Molecular Motions and Hydrogen-Bonding Networks in (o-Aminoanilinium)–(Crown Ethers)–[PMo12O40]4− Crystals

Abstract

Abstract Single crystals formed from hydrogen-bonding supramolecular cations of o-aminoanilinium (HOPD+)–crown ethers, (HOPD+)([12]crown-4), (HOPD+)([15]crown-5), and (HOPD+)([18]crown-6), and one-electron-reduced [PMo12O40]4− Keggin-type clusters were synthesized. The crystal structures and dielectric responses of the three new compounds (HOPD+)4([12]crown-4)4[PMo12O40]4−·4CH3CN (1), (HOPD+)4([15]crown-5)4[PMo12O40]4− (2), and (HOPD+)4([18]crown-6)4[PMo12O40]4−·8CH3CN (3) were examined. The CH3CN molecules in salts 1 and 3 were included in zero-dimensional pores and one-dimensional channels, respectively; higher thermal stability was observed in the former lattice because of its extended hydrogen-bonding network. Large frequency- and temperature-dependent dielectric responses were confirmed in salts 2 and 3, whereas the dielectric response of salt 1 was quite small.
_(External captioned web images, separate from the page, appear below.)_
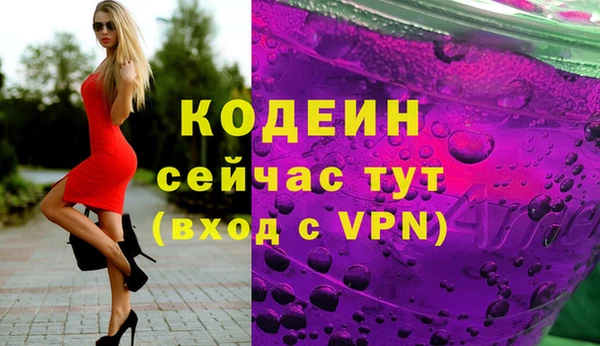 кокаин премиум Вязьма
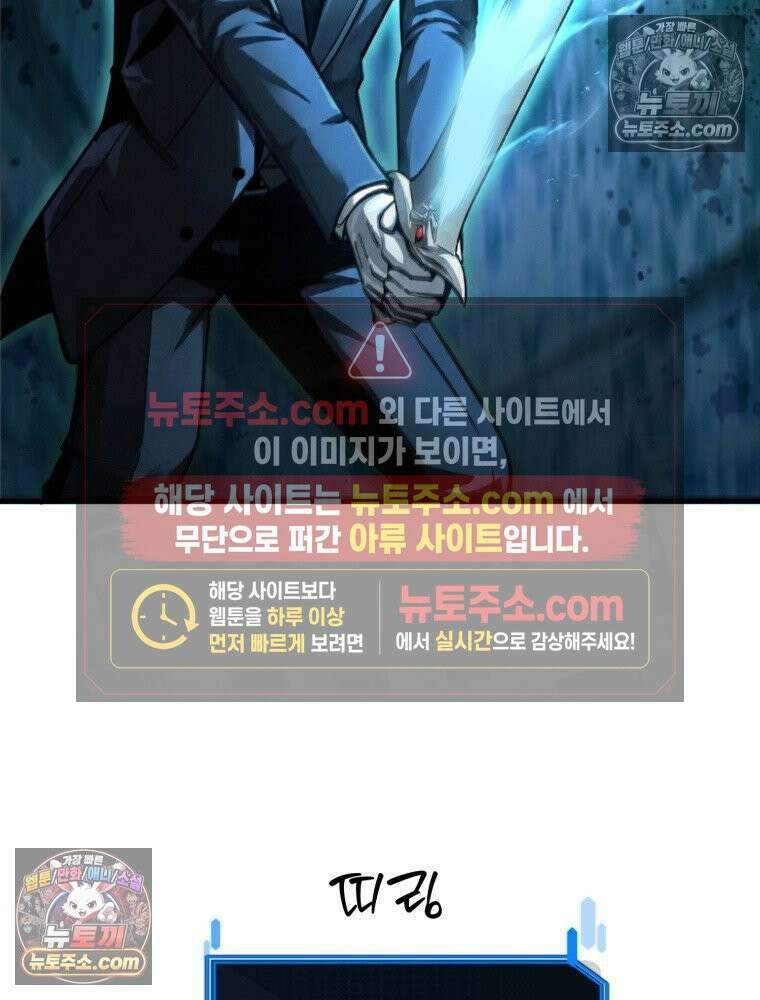 S급 집사 32화 6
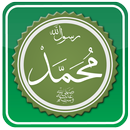 Asy - Syamail Muhammadiyah aplikacja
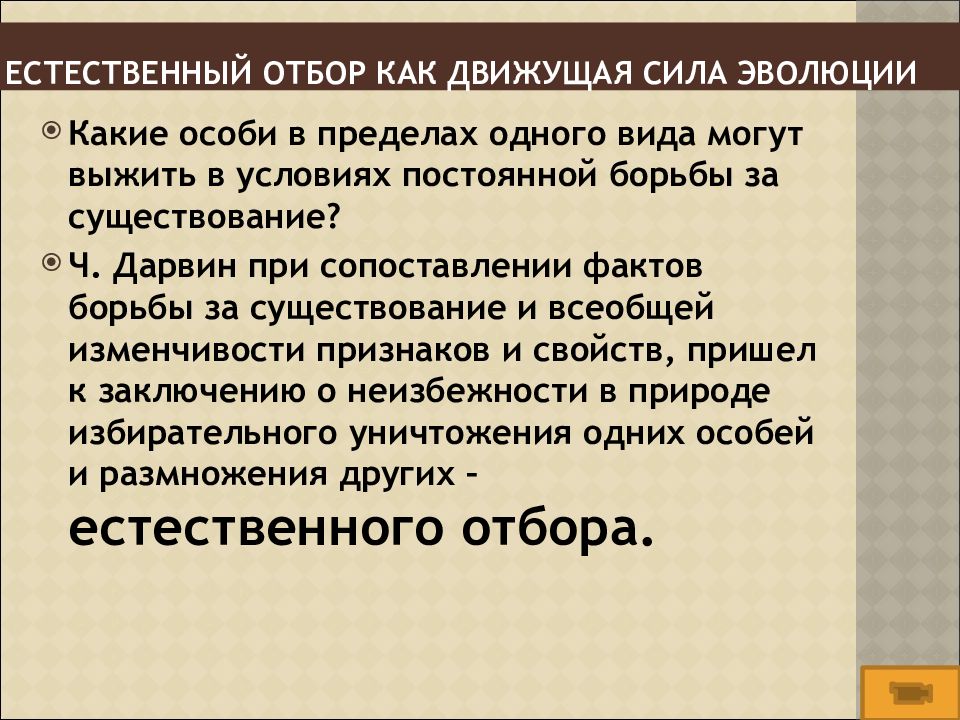 Движущие силы эволюции естественный. Единица естественного отбора. Движущие силы эволюции искусственного отбора. Естественный отбор Главная движущая сила эволюции. Естественный отбор.движущая сила эволюции презентация.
The fixed orientation of HOPD+ because of the hydrogen-bonding network was consistent with the dielectric property of salt 1. In contrast, large magnitudes of dielectric responses in the temperature range above 280 K were observed for salt 3. Thermal motions of CH3CN molecules in the channel were the origin of such dielectric responses. In salt 2, the thermally activated coupled motion of the orthogonally arranged HOPD+ pair along the C–NH3+-axis with the potential energy barrier of ca. 80 kJ mol−1 resulted in large dielectric responses.